Обычно В. Пелевин использует простую и несложную фразу, больше напоминающую постулат или догму: «К подъезду, лысый»; «Марксизм несет в себе всепобеждающую правду»; «Жизнь была ласковым зеленым чудом»; «Тонкая нитевидная сущность». А. Генис считает: «Лучшим пелевинским сочинениям свойствен
Простая организация текста не исключает разнообразия лексики, автор широко использует философские и научные термины, англицизмы, неологизмы, профессионализмы. Он также часто употребляет жаргонные и сленговые слова. В одном из интервью по поводу новорусского бандитского жаргона писатель говорит: «Меня восхищает энергетически емкий язык «понятий». Почему сегодня востребован не тот, кто «ведет дискурс», а тот, кто «держит базар»? …В речи братков есть невероятная сила, потому что за каждым поворотом их базара реально мерцают жизнь и смерть». (Ср. в рассказе «Ника»: «У меня мелькнула мысль, что даже дети в американских кепках говорят у нас на погранично-лагерном жаргоне».)
В романе «Чапаев и Пустота» теологическая дискуссия ведется на бандитской «фене». Использование разных пластов лексики – от высокой до ненормативной – обусловливается авторской задачей. Иногда он использует игру слов: «Глупо искать виноватого, каждый приговор сам находит подходящего палача, и каждый из нас – соучастник массы убийств, в мире все переплетено, и причинно-следственные связи невосстановимы».

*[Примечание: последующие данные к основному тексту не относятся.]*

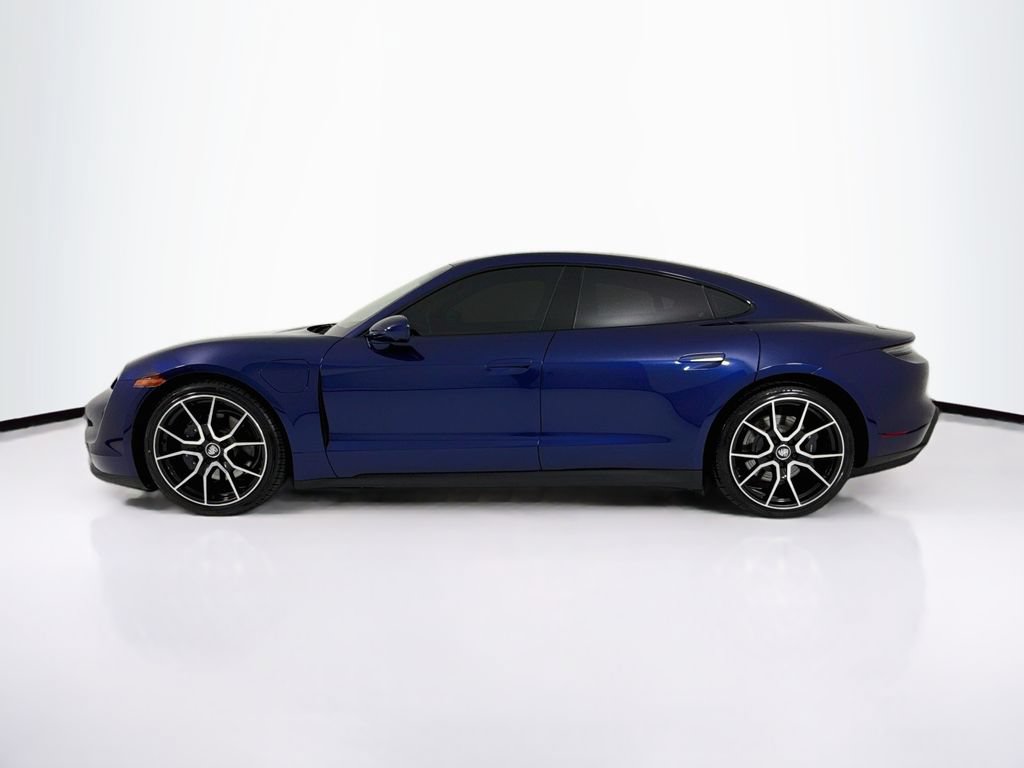 Certified 2023 Porsche Taycan RWD image 2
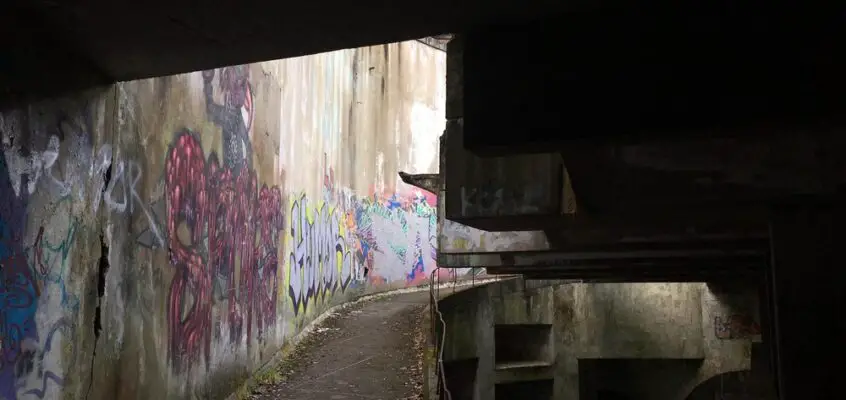 Saint Peter’s Seminary Cardross Study Part 4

Смена стилевой тональности не только от одного произведения к другому, но и внутри одного текста объясняется стремлением автора парадоксальным образом трансформировать действительность: не ясно, где, когда и с кем происходят события. Герои погибают и оживают, существуют в снах и в конкретном мире. Вместе с тем трудно говорить об эволюции творческой манеры писателя или каких-либо отличительных особенностях, позволяющих выделить авторский стиль, он стереотипен и новизна проявляется в характере словосочетаний и разных лексических планов («черные косметические ручьи», «знакомая ненависть», «близкая и совершенно недостижимая» Европа).
Обратившись к романной форме, В. Пелевин отказывается от головокружительного закручивания фабулы и просто соединяет различные, иногда даже разнородные по сюжету отрывки, объединяя их фигурой главного героя. Не случайно в рассказах встречаются одни и те же герои, получается, что автор постепенно выстраивает их биографию. Саша Лапин появляется в «Проблеме верволка в средней полосе» и в «Принце Госплана», в первом произведении он является институтом, во втором – работником некоторого учреждения.
В. Пелевин пользуется разными описаниями, встречаются развернутые и краткие портретные характеристики («пожилая женщина в шляпе с густой вуалью», «худая старая женщина в длинном жакете и красных бусах»). Топос обычно обозначается номинативно, сохраняя динамику, автор выстраивает текст из диалогов героев. Доминирующими приемами становятся детали, ряды определений, цветовые эпитеты, перечисления, сравнения. Если повествование ведется от первого лица или лица героя, то нередко используется прием самохарактеристики:
«...меньше всего в жизни мне хотелось стать чьим-то воспитателем.
Я протянул к ней руки, с тоской чувствуя, до чего я похож на молодого Чернышевского, по нужде заскочившего в петербургский подъезд и с жестом братства поднимающегося с корточек навстречу влетевшей с мороза девушке».
Авторский стиль отличает ярко выраженная ироническая оценка:
«Саша внюхался в неизвестного – тот производил впечатление, какое в человеческом эквиваленте мог бы произвести мужчина лет пятидесяти, конически расширяющийся книзу, с наглым и жирным лицом, – и вместе с тем странно легкий и как бы надутый воздухом».